You may have heard these conditions referred to collectively as "heartburn angina symptoms," but don't be mislead. The two are totally different conditions involving completely separate organ systems. Distinguishing between ordinary heartburn and angina symptoms can be difficult, yet it’s extremely important. While heartburn is typically merely a nuisance, angina can be a sign of a much more serious and urgent medical condition, such as a heart attack. The definitive identification of heartburn or angina symptoms is possible primarily through analyzing the additional symptoms that accompany the pain.
Angina can consist of discomfort, pressure, heaviness and a squeezing sensation in the chest. Pain can radiate away from the chest area, to the shoulders, arms, or abdomen. A burning sensation, common of heartburn, can also be present with angina. Technically, angina is chest pain which is caused by a decrease in blood flow to part of the heart. This lack of blood flow is most often due to narrowing of the coronary arteries, caused by arteriosclerosis.
Angina can actually be a symptom of another condition, such as coronary artery disease, and it is one of the most common reasons people visit the emergency room. Often people fear they may be suffering from a heart attack when they experience angina. In some cases, this is true, while in others, the patient has mistaken what is actually heartburn. In still other cases, angina indicates the presence of coronary artery disease or arteriosclerosis, which can lead to a heart attack in the future, although an acute heart attack may not be present during the emergency room visit.

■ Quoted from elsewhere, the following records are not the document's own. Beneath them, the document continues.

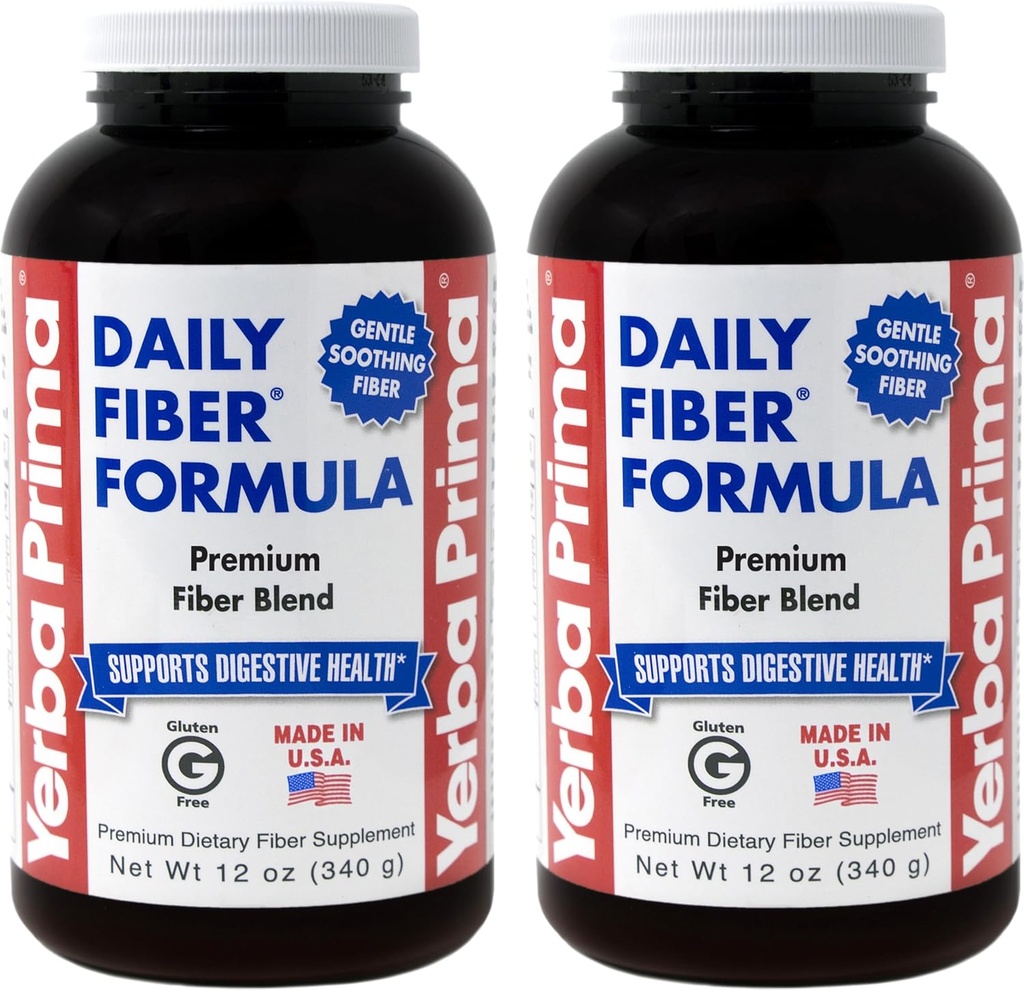 Yerba Prima Daily Fiber Formula Powder - 12 oz (Pack of 2) - Soluble & Insoluble Dietary Fiber Supplement - Colon Cleanse - Gut Health - Vegan, Non OGM, Senza glutine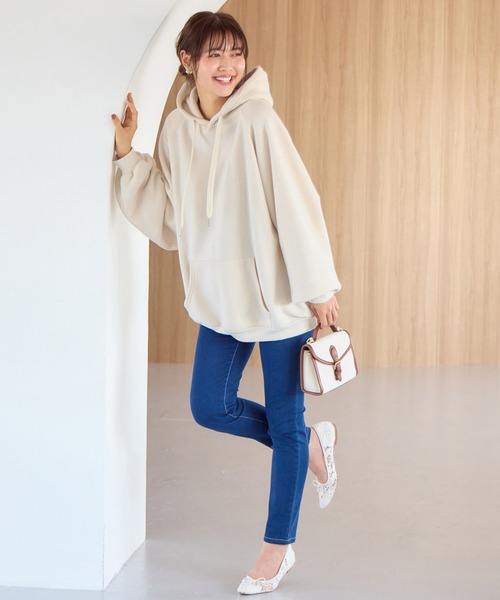 「alotta」 プルオーバーパーカー LL スモークピンク レディース_画像8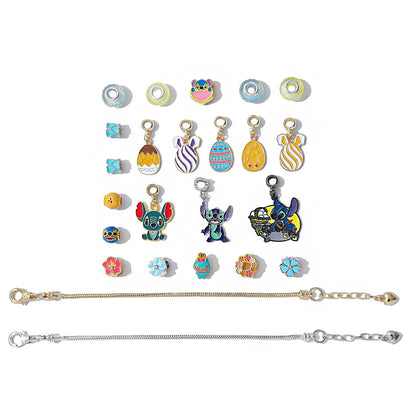 New Disney Stitch  24-Grid Christmas Countdown Calendar Blind Box - Alloy Bracelet Gift Set For Halloween & Xmas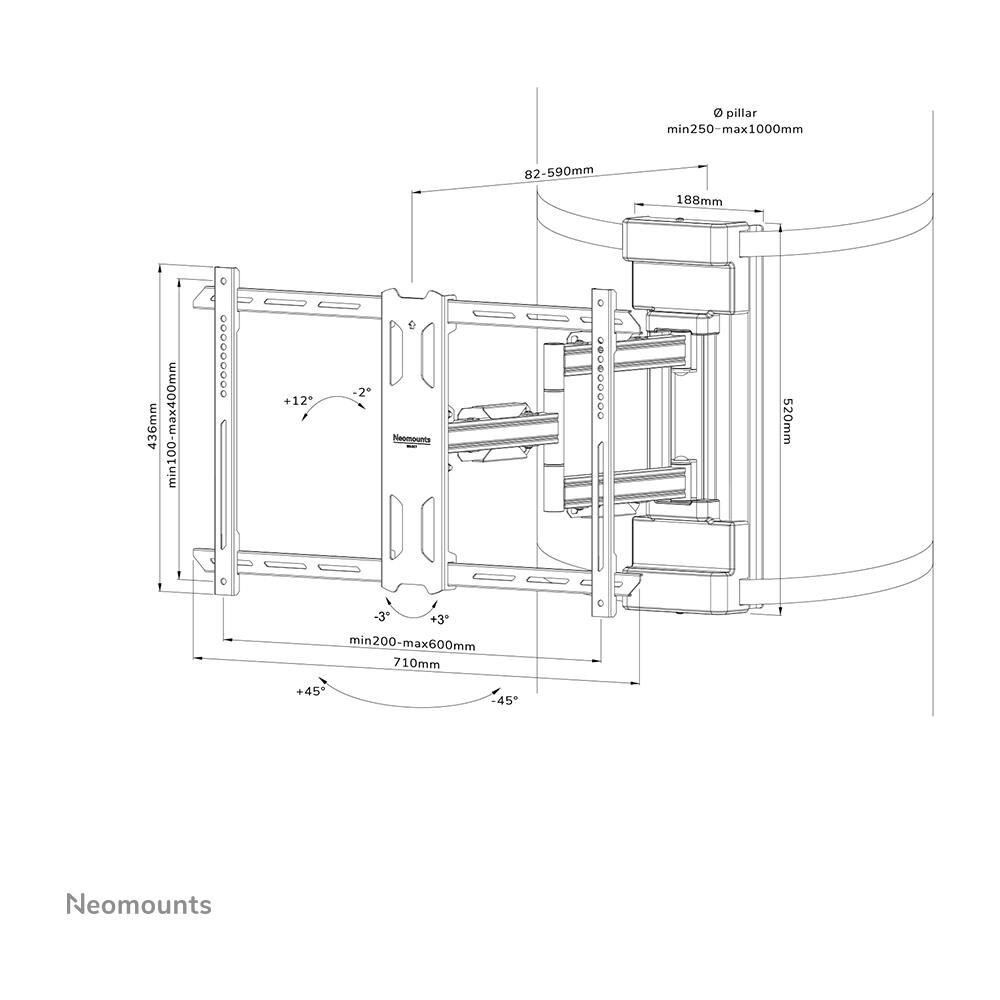 WL40S-910BL16 Supporto per Colonna Full Motion per Schermi da 40 a 70" Colore Nero - Foto 11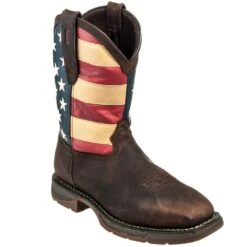 Durango Boots: Men's Steel Toe DB020 American Flag Rebel Cowboy Boots -Men's Work Boots Store durango 020 p 01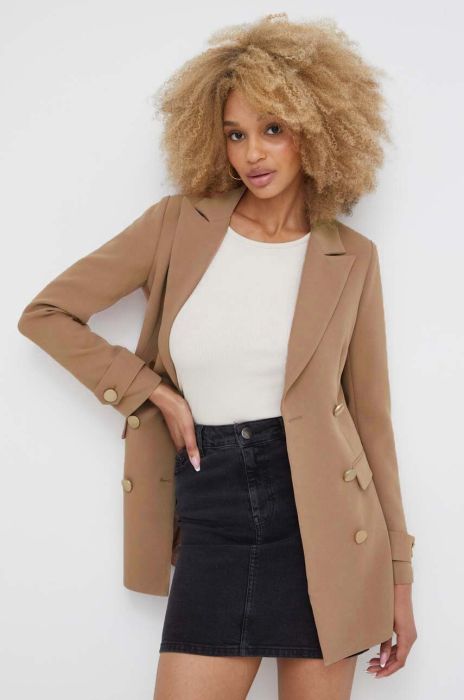 Піджак Answear Lab колір бежевий двобортний однотонна (3339558)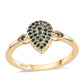 Goldplattierter Silberring mit blauem Diamant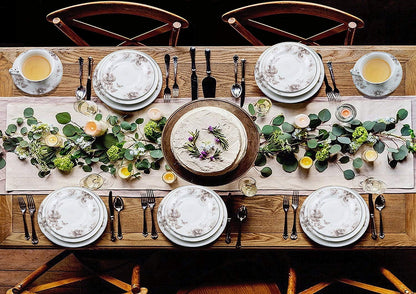 Lorenzo Import Cora-57 57 Piece Dinnerware Set & Bone China Service for 8 People - Cora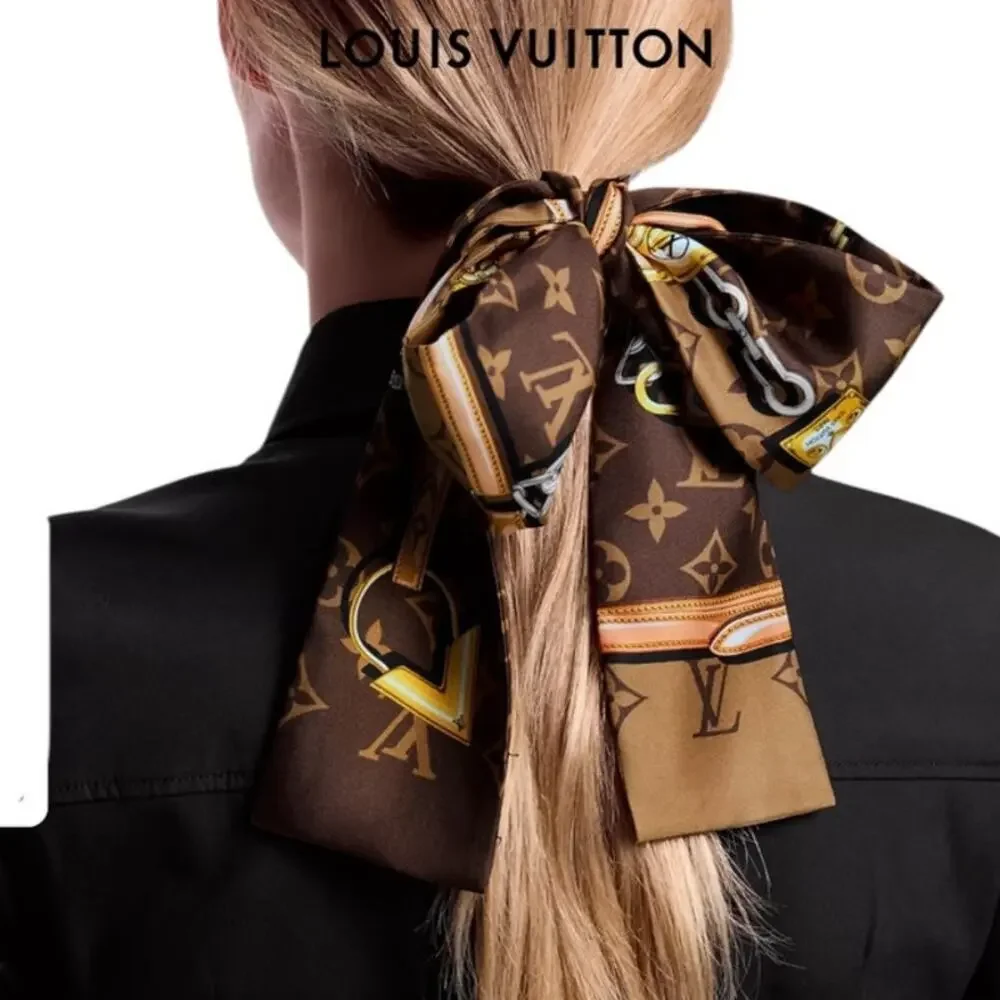 Louis Vuitton Women's Brown Silk Monogram Confidential Bandeau Headband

Heartburn is frequently accompanied by a burning sensation in the throat, coughing, and regurgitation. Pain from heartburn does not typically radiate to the arms or shoulders. Pain from heartburn appears most commonly after a meal, and can worsen when the sufferer is lying flat, enabling reflux to travel up the esophagus more easily. While its name suggests otherwise, heartburn actually has nothing to do with the heart but is associated with the stomach and esophagus.
Heartburn is not a serious condition, but if left untreated, over time it can lead to permanent damage of the esophagus from the chronic form of heartburn known as gastrointestinal reflux disease (GERD). While heartburn can be caused by spicy, hot, or acidic foods, caffeine, tobacco, garlic, or even chocolate, other conditions can lead to heartburn, such as obesity or pregnancy. In these conditions, the lower esophageal sphincter (LES) can lose its ability to tighten or become weak, allowing stomach acids to travel into the esophagus.
Techniques for Differentiating Heartburn from Angina Symptoms
One way to tell if you’re experiencing heartburn or angina symptoms is to try taking antacids. Heartburn will typically respond to antacids, while angina won’t. While in severe cases, antacid treatment won’t completely eliminate heartburn, a pain in the chest that responds to antacid treatments is not likely to be angina.
Another way to tell if what you’re experiencing is heartburn or angina symptoms is to think about what you were doing before the pain started. Heartburn often follows a meal or occurs when lying down. Angina most often occurs after physical exertion, such as exercise, walking, or even an angry outburst.
Finally, analyze the pain. Heartburn occurs in the middle of the chest and is a burning sensation. Heartburn pain will not radiate down the arms. Angina feels like pressure or squeezing, and is more of a vague pain. If the pain you’re experiencing is radiating to your neck, shoulders, or arms, you are most likely experiencing angina.